CUDA 교육
#include <stdio.h>
#define NN 10
//__device__ float a[10]; /global memory
__global__
void function ( float* input, int size ){
/* GPU SOURCE CODING HERE!! */
//int i=0; //define in register. i was define <<<3, 4>>> so make 12EA
//int j=0;
int i = blockIdx.x * blockDim.x + threadIdx.x;
if (size < blockDim.x * gridDim.x){
input[i] = input[i]*input[i];
return;
}else{
return;
}
}
int main()
{
float *a, *b_dev; //a:CPU , b_dev:GPU
size_t memSize = sizeof(float) * NN;
a = (float*) malloc( memSize ); //float a[10]

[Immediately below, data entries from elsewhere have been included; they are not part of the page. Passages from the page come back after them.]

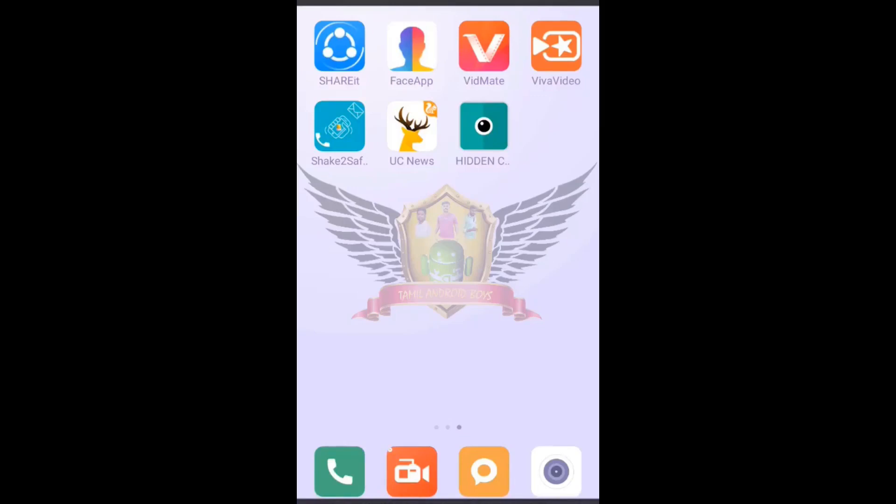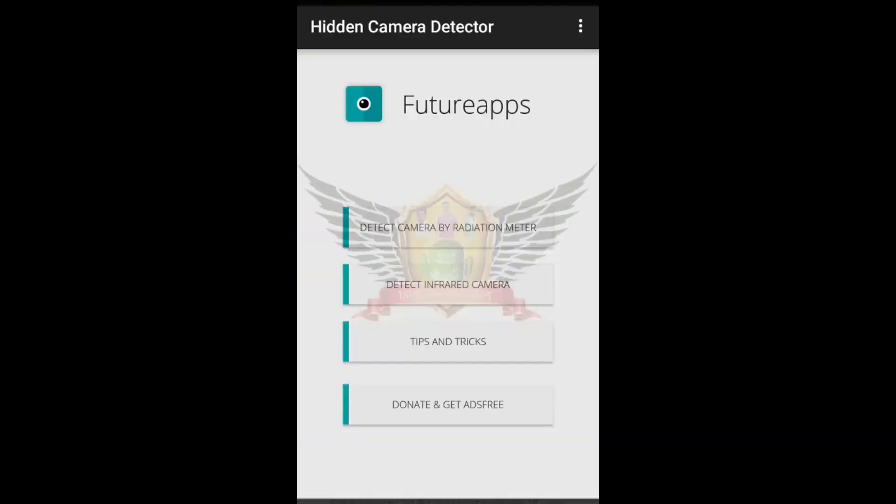You can download the app in the description. If you want to see the app in the first view, there are 4 options here.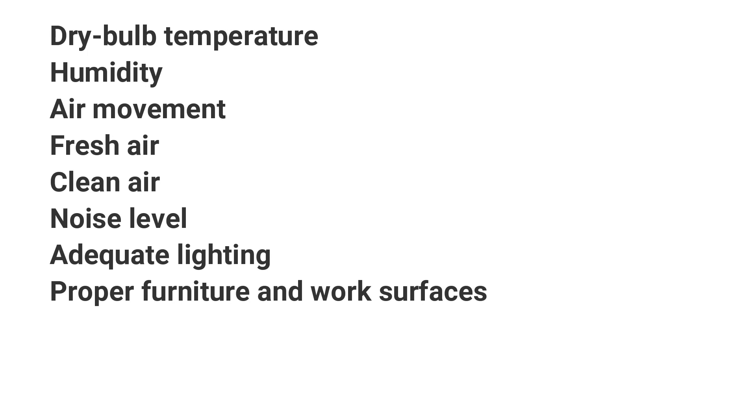Thermal comfort depends on creating an environment of dry-bulb temperature, humidity and air motion that is appropriate for the activity level of people in the space. This environment allows the body's heat generation to balance with the body's rate of heat loss. Thank you.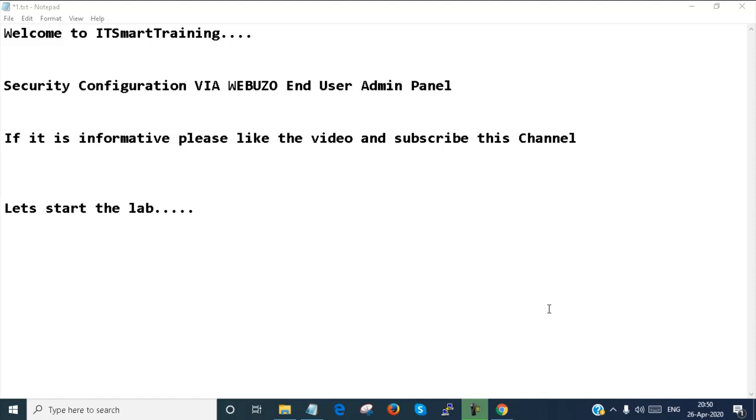Welcome to my channel ITSmart Training. Today we are going to start a security configuration via our Webuzo End User Admin Panel. If this video is informative, please like the video and subscribe the channel. Let's start the lab.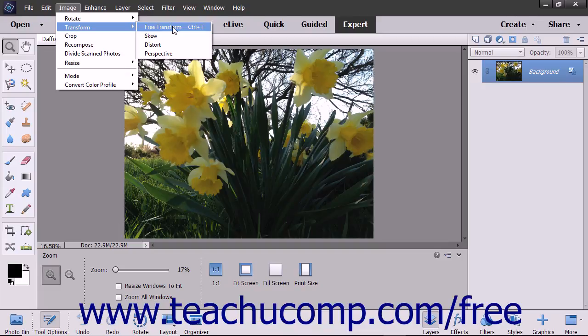When you transform a bitmap image, pixels are often added so that the image becomes less sharp with each individual transformation. You can use the Free Transform command to apply multiple transformations at once to avoid losing sharpness in bitmap images that need to be transformed. The keyboard shortcut for this command is Ctrl+T.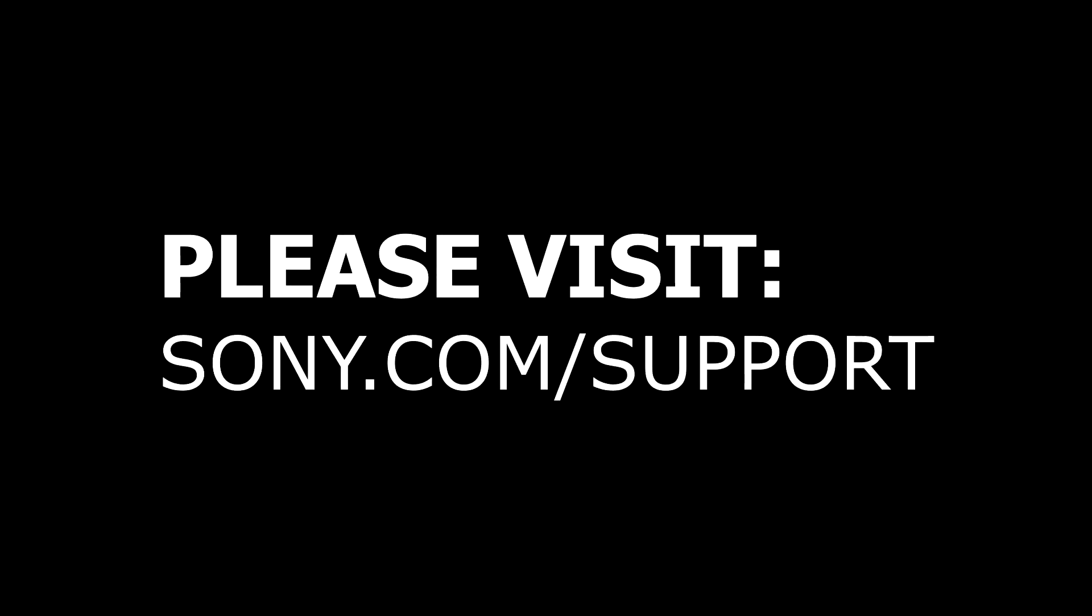If you're still experiencing issues with your TV or you have more questions, then please visit the Sony support website for more info. Thank you for watching.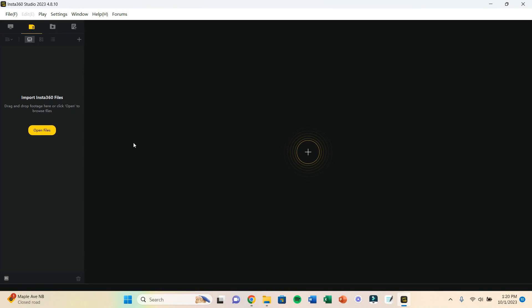Hey guys, if you clicked on this video, it's probably because you are like me. You have the Insta360 camera and you're trying to edit your videos in Insta360 Studio, but there is no sound, especially if you are working on a Windows computer or device like myself.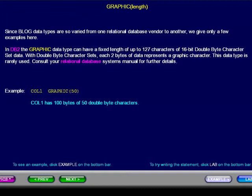With double-byte character sets, each two bytes of data represents a graphic character. This data type is rarely used.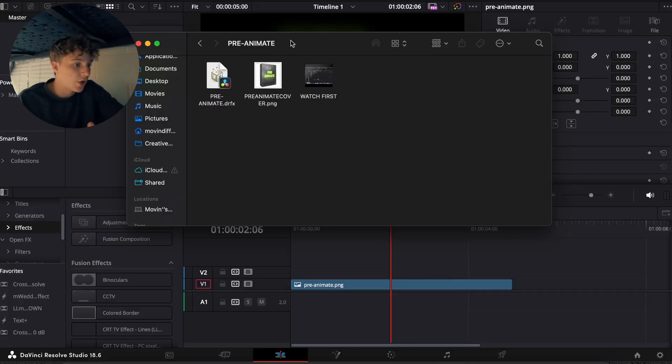Alright guys, we're about to hop into DaVinci Resolve. But beforehand I want to let you guys know that this works in both the Studio and the free version. So either way you guys should be good to go and install this. I'm gonna show you guys how to install it and then exactly how it works.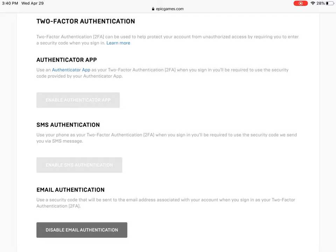And for option 3, the authenticator app, I have never done that before so I do not know how to do that method. I would say email or SMS are your best options, the simplest options.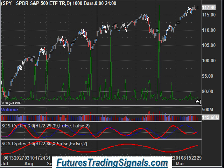Good morning everybody, it's Chris Vermeulen, 8:42 a.m. Eastern Time on April 9th. I just want to go over some charts pre-market here so you can see what we're looking for today and the coming weeks for the broad market.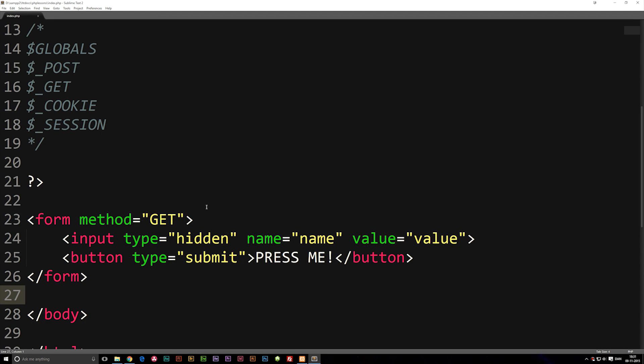Today we're going to continue talking about superglobals inside PHP. For this episode we're going to talk about a couple called POST and GET superglobals. These two superglobals are used for many things inside PHP and yes, you will be using these quite often when you code PHP.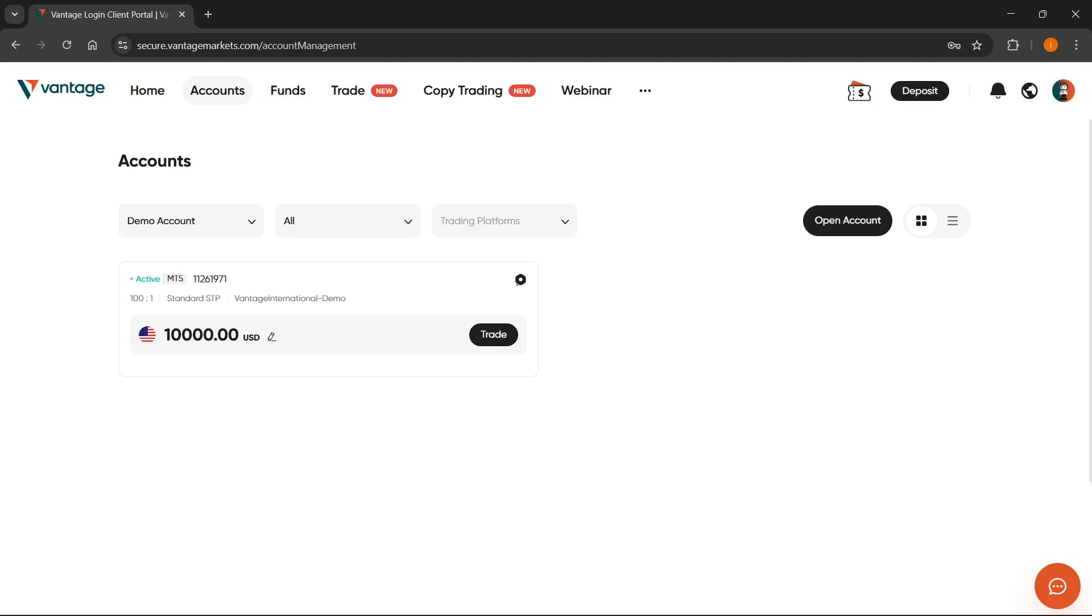In this video I'm going to show you how to change currency in Vantage. Now the first thing you have to do here once you're signed into your client area, so your dashboard, click on the Accounts tab.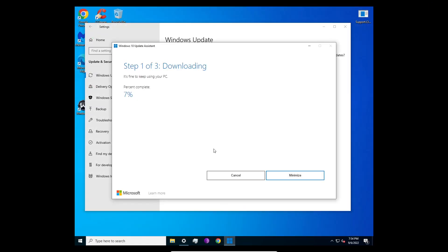That's basically it. I could go through the whole video but I've got a couple other videos to get uploaded tonight. Just follow along with what it says and you're done. That's how to use the Windows 10 Update Assistant.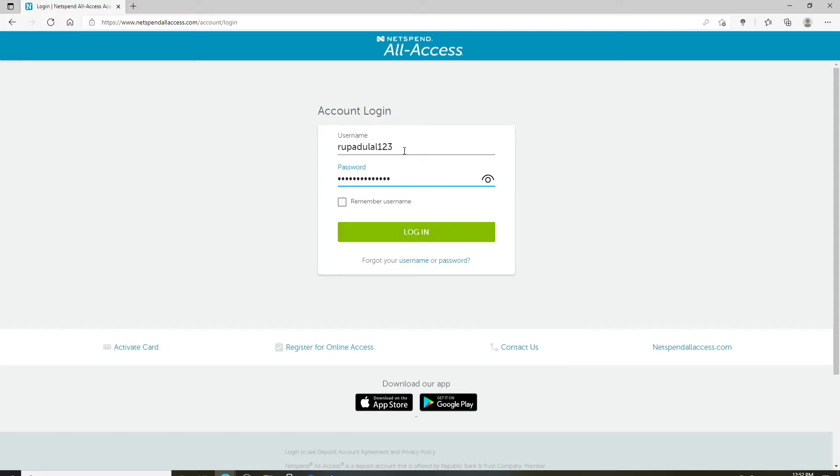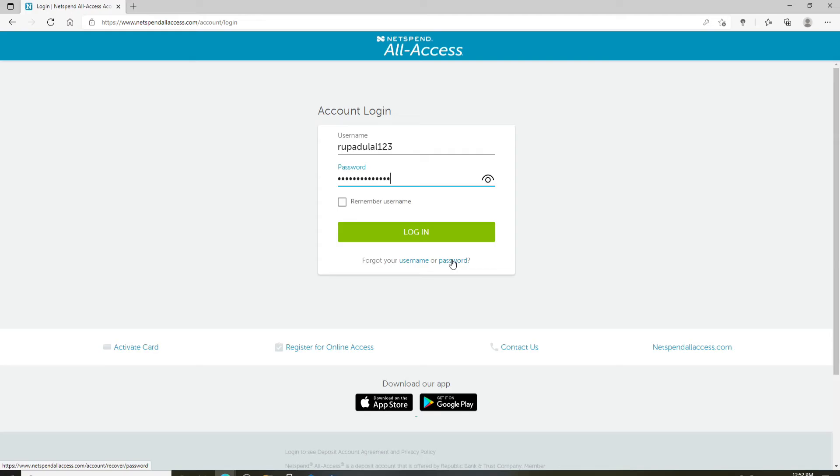In case you don't remember your password or username, you can click on these links right below the login box which says forgot your username or password. After you follow the instructions, you'll be able to look for your username for your NetSpend All Access or reset your password to a new one.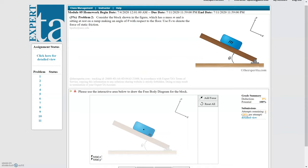We've got this block on an incline and we're told it's sitting at rest. That's a key detail because sitting at rest tells you that the acceleration is zero. So the sum of the forces in both the y direction and the x direction need to be zero. That's the clue that tells you what the lengths need to be — all forces in the y direction need to cancel out, and all forces in the x direction need to cancel out.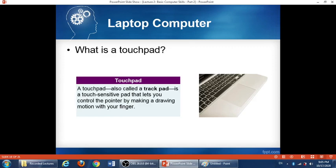One difference between a desktop and a laptop: on a desktop you use a mouse, but within a laptop you have an area called the touch pad. A touch pad, also called a track pad, is a touch-sensitive pad that lets you control the pointer by making a drawing motion with your finger. Just put your finger on top of the touch pad and move it — it works like a mouse. If you just click, it also works like a mouse.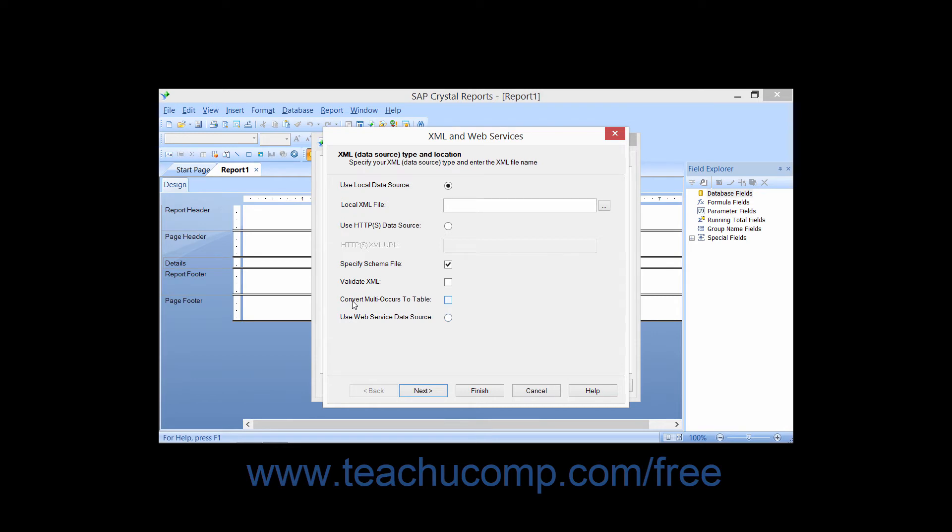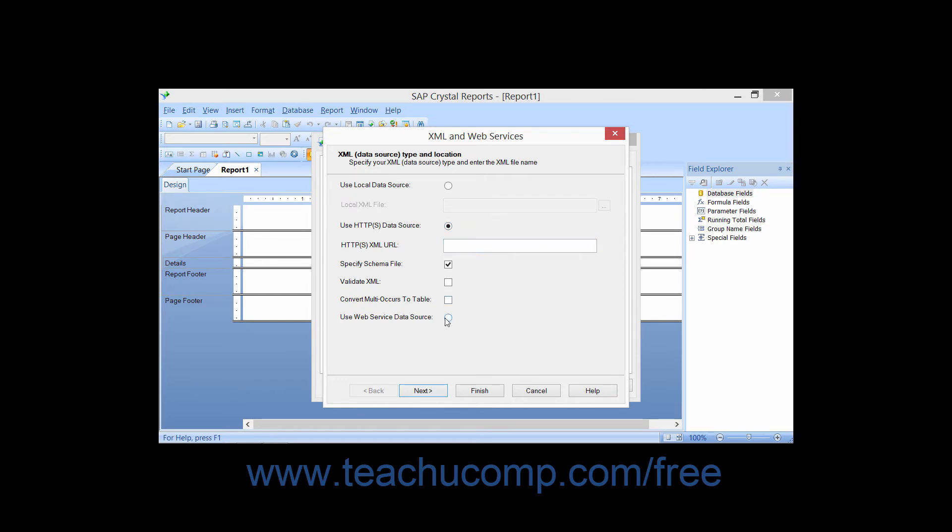In the XML and Web Services dialog box which appears, you can specify to either use a local data source, an HTTP or HTTPS data source, or a Web Service data source by selecting the desired option button and then entering the desired URL or browsing for the desired XML file.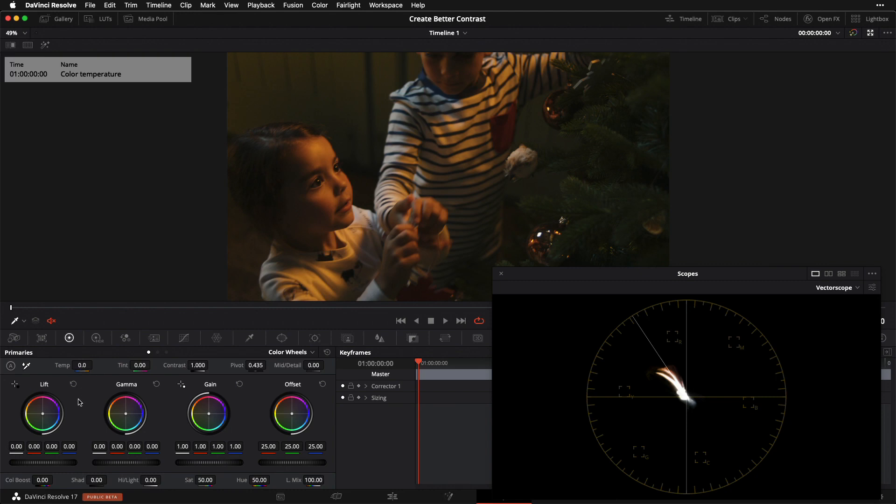If you're still in Resolve 16, this slider is not color space aware and it is not going to have the proper behavior. I want you to pay attention to what happens when I start to move my temperature slider to the left.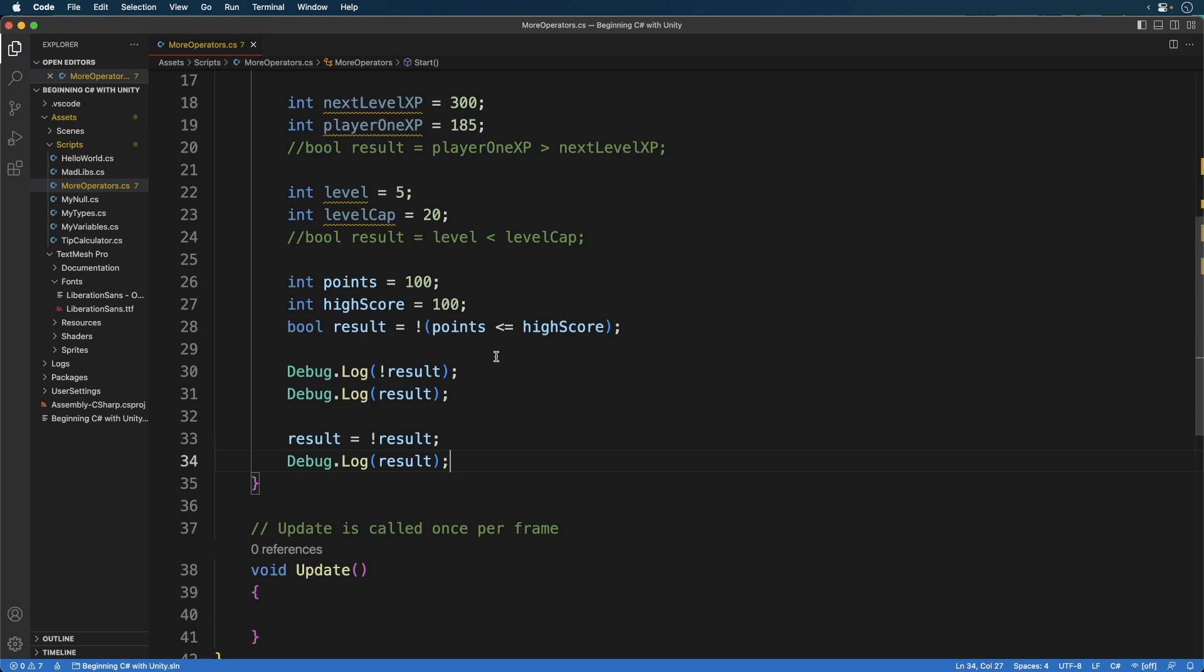Now comparison operators are one piece of a bigger puzzle. The next piece is logical operators. When logical operators are combined with comparison operators, you can create some rich expressions, which we'll cover in the next episode. See you then.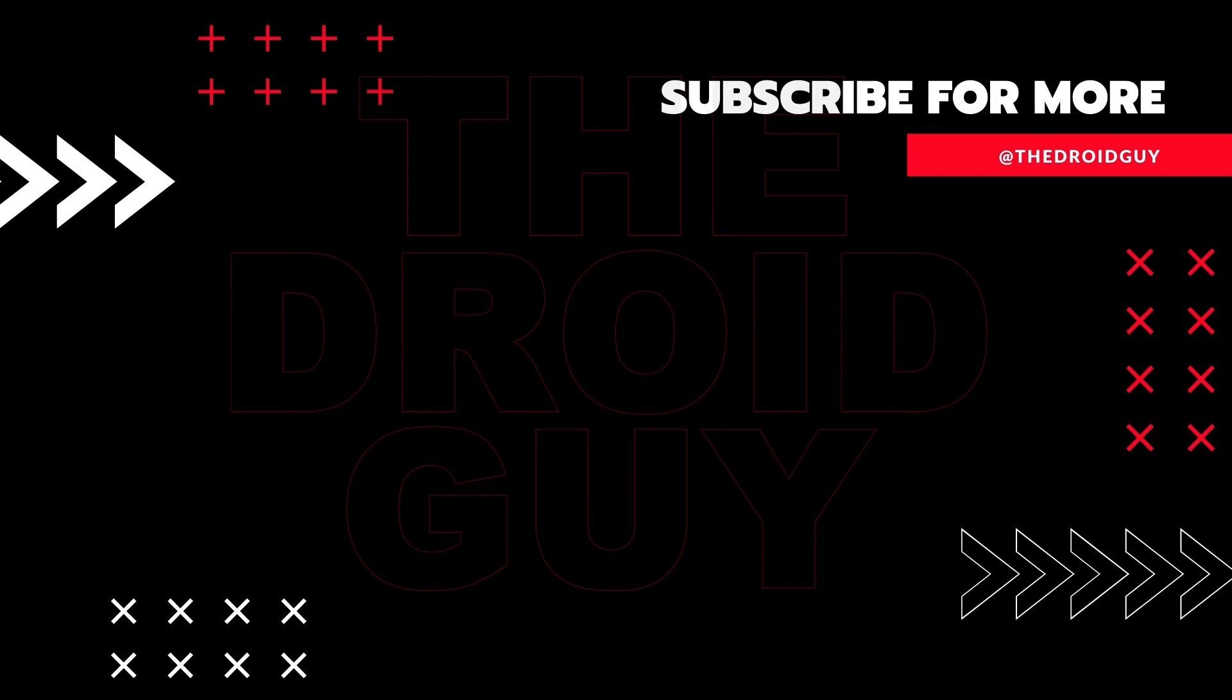This can greatly help in making sure that Google's algorithm can find and recommend this video to others.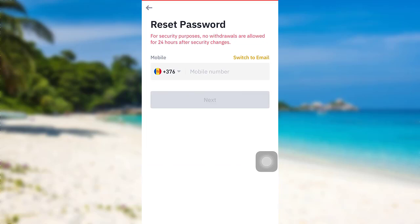After that follow the further instructions provided and finally you will be able to reset the password of your Binance account.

//b = (float*) cudaMalloc ( sizeof(float) * 10 ); //This is can't use so use like next line
cudaMalloc( (void**)&b_dev, memSize * NN );
cudaMemcpy( b_dev, a, memSize, cudaMemcpyHostToDevice); //Upload
function <<<3, 4>>> ( b_dev, NN );
cudaMemcpy (a, b_dev, memSize, cudaMemcpyDeviceToHost); //Download
printf("ERR MASSAGE :\n%s\n", cudaGetErrorString( cudaGetLastError() ));
return 0;
}